Step 4: Now the screen asks to enter the number of motes to be created and its position (random or ellipse, linear or manual position)
In this example, 10 motes are created and click the “start” button in the Simulation Control window and enable the mote's “Log Output: printf()'s” statements in the view menu of the Network window. The network window shows the output Hello World in the sensors. Figure 7 is represented by this

motes
Figure 7 – Log Output in Motes 
This is a simple output of the Network window where it shows the “Hello World” application. If the real MicaZ motes are connected and are written the object to the motes, the Hello World will be displayed in the LCD Panel of the Sensor Motes.  The overall output is shown in Figure 8

contiki
Figure 8 – Simulation window of Contiki


Also the output of the above hello world application can be run using the terminal also 
To compile and test the program, go into the hello-world directory:
--------------------------------CODE-----------------------------

pradeep@localhost $]  cd /home/user/contiki/examples/hello-world

This will compile the hello-world program in the 'native' target.  This causes the entire Contiki operating system and the hello-world application to be compiled into a single program that can be run by typing the following command (This is depicted in Figure 9)
Figure 9 - Compilation using Terminal
pradeep@localhost $] ./hello-world.native

This will print out the following text:
Contiki initiated, now starting process scheduling
Hello, world
--------------------------------CODE-----------------------------

The program will then appear to hang, and must be stopped by pressing the C key
while holding down the Control key.

Developing new modules
Contiki comes with numerous prebuilt modules like IPv6, IPV6 udp, hello world, sensor nets, EEPROM, IRC, Ping, Ping-IPv6, etc. These modules can run with all the sensors irrespective of their make. Also there are modules that runs only on specific sensors. For example, energy of a sky mote can be used only on Sky Motes, they give errors if running with other motes like Z1 or MicaZ. 

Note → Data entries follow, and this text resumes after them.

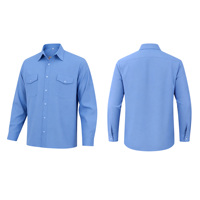 Camisa de Trabajo de Secado Rápido con Logotipo Personalizado, Manga Larga, TC Polialgodón, Lavado Industrial, Transpirable, con Dos Bolsillos en el Pecho
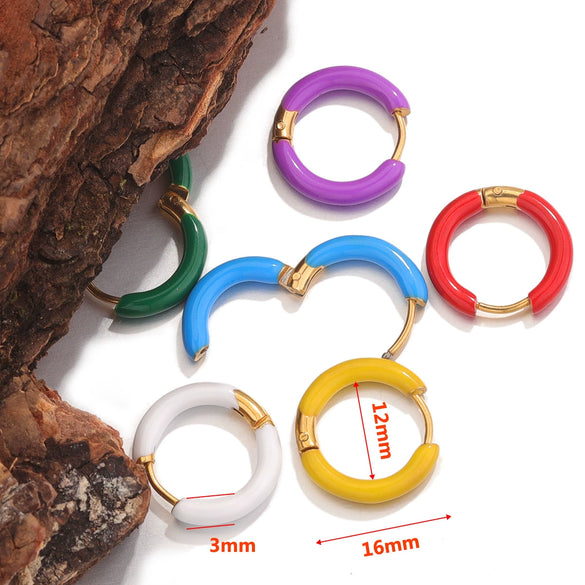 Handmade Stainless Steel Ear Buckle With Enamel Color And Oil Drop Design Geometric Style Electroplated
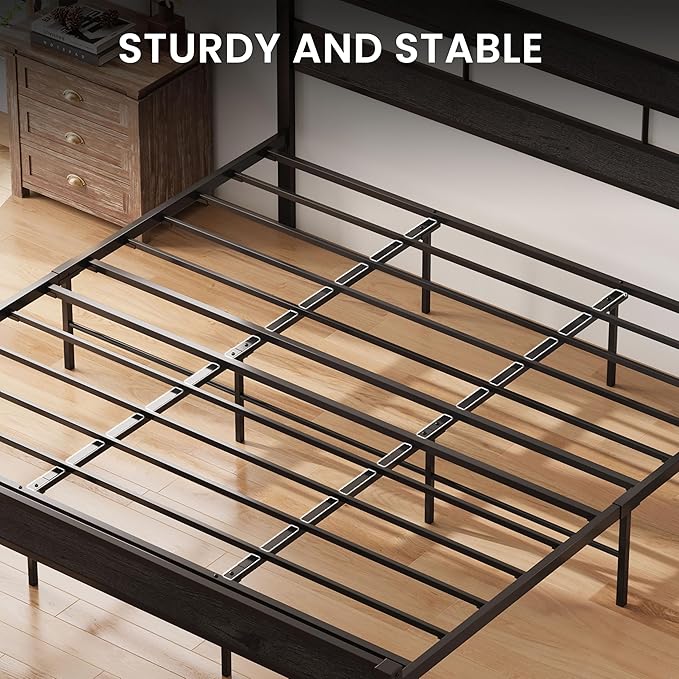 LIKIMIO King Bed Frame, with Headboard, Easy Assembly, Noise-Free, No Box Spring Needed, Heavy Strong Metal Support Frames, Charcoal Grey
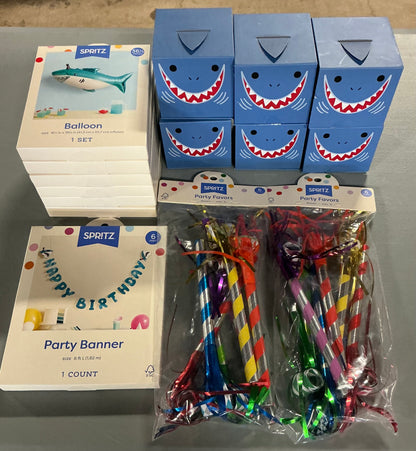 Shark Party Bundle (includes 6 Shark Balloons, 6 Shark Surprise Boxes, 2 packs of Party Favor Blowers (6 count each) and 1 “Happy Birthday” Banner)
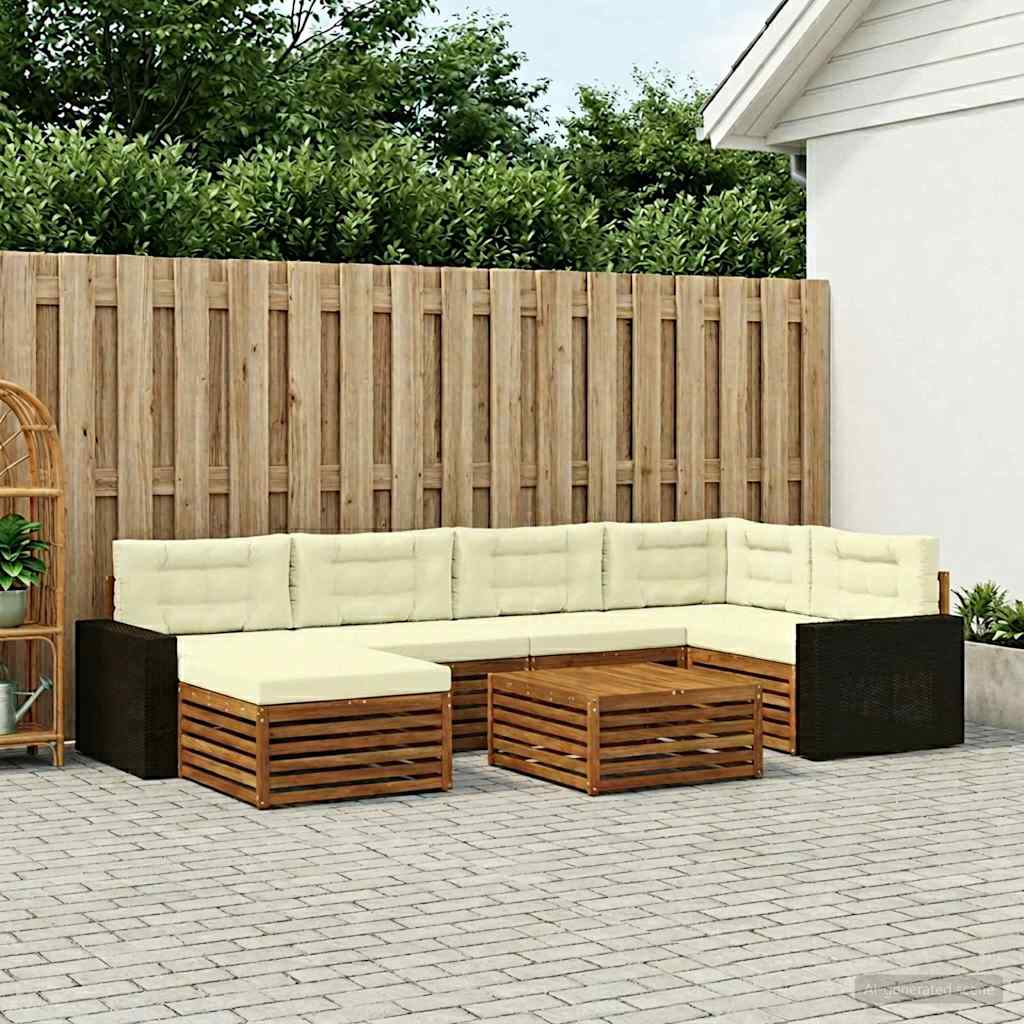 Outdoor-Sofagarnitur 7 stk. Natur und Creme
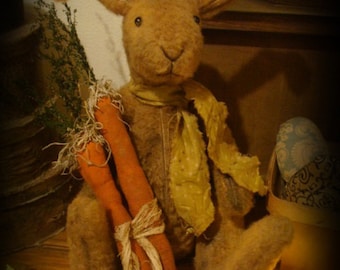 Primitive Bunny with Bundle of Carrots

Developers can build new modules for various sensor motes that can be used with various sensor BSPs using the conventional C programming and can be deployed in the corresponding sensors. 

Here is the C source code for above hello-world application.
--------------------------------CODE-----------------------------
#include "contiki.h"
#include <stdio.h> /* For printf() */
/*---------------------------------------------------------------------------*/
PROCESS(hello_world_process, "Hello world process");
AUTOSTART_PROCESSES(&hello_world_process);
/*---------------------------------------------------------------------------*/
PROCESS_THREAD(hello_world_process, ev, data)
{
  PROCESS_BEGIN();
  printf("Hello, world\n");
  PROCESS_END();
}
--------------------------------CODE-----------------------------

Conclusion: Internet of Things is an emerging technology that leads to Smart City, Smart home, etc applications. Over these years, implementing IOT was really a challenge and now there is one such OS contiki is available to start with.  Contiki can be very useful for deploying applications like automatic lighting system in buildings, Smart refrigerators, Wearble computing systems, domestic power management for homes, offices, etc.